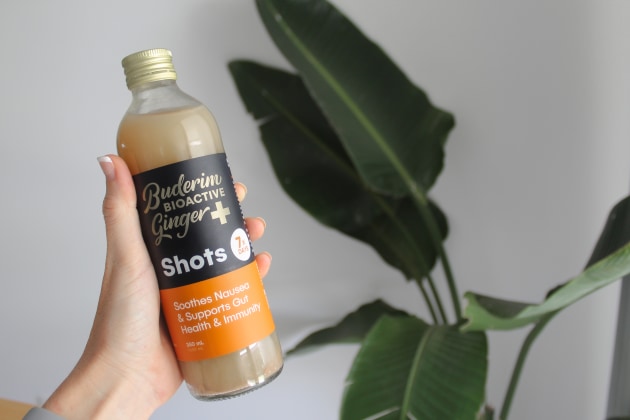 Buderim Ginger's new BioActive Ginger Plus (BG+) shots recently won “Best Functional Food or Beverage Product” at the 2023 Naturally Good Awards.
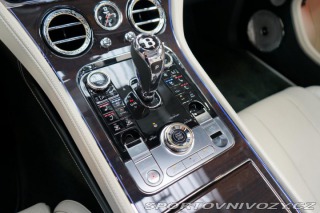 Bentley Continental GTC V8 Mulliner Naim Masá 2021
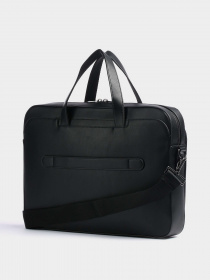 Сумки Tommy Hilfiger модель AM0AM09545-BDS Фото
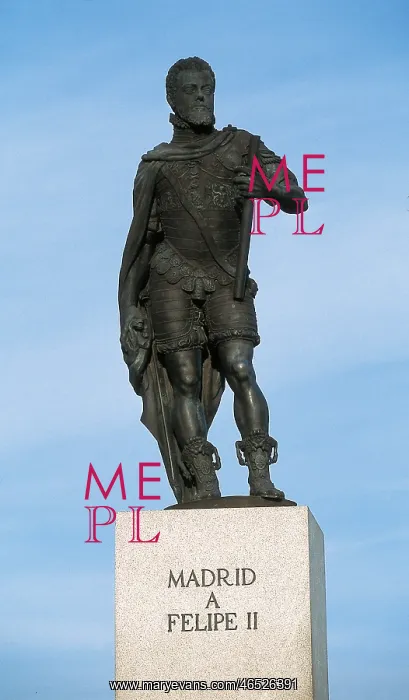  : LEONI, Pompeo (1533-1608)
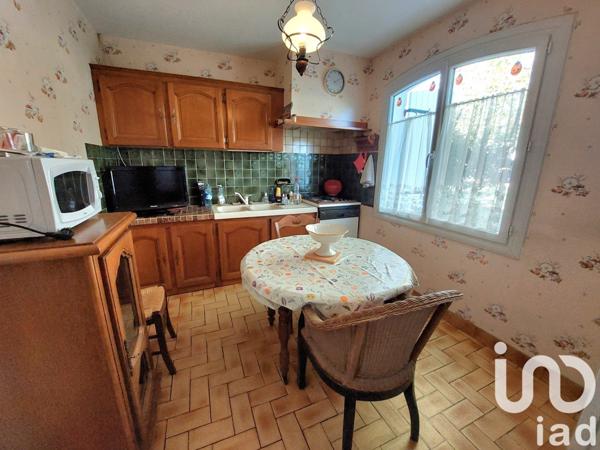 Maison à vendre 5 pièces 107 m² Port-Sainte-Foy-et-Ponchapt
───
Leaving the images behind, set down every entry word for word.

 Buderim Ginger's new BioActive Ginger Plus (BG+) shots recently won “Best Functional Food or Beverage Product” at the 2023 Naturally Good Awards.
 Bentley Continental GTC V8 Mulliner Naim Masá 2021
 Сумки Tommy Hilfiger модель AM0AM09545-BDS Фото
  : LEONI, Pompeo (1533-1608)
 Maison à vendre 5 pièces 107 m² Port-Sainte-Foy-et-Ponchapt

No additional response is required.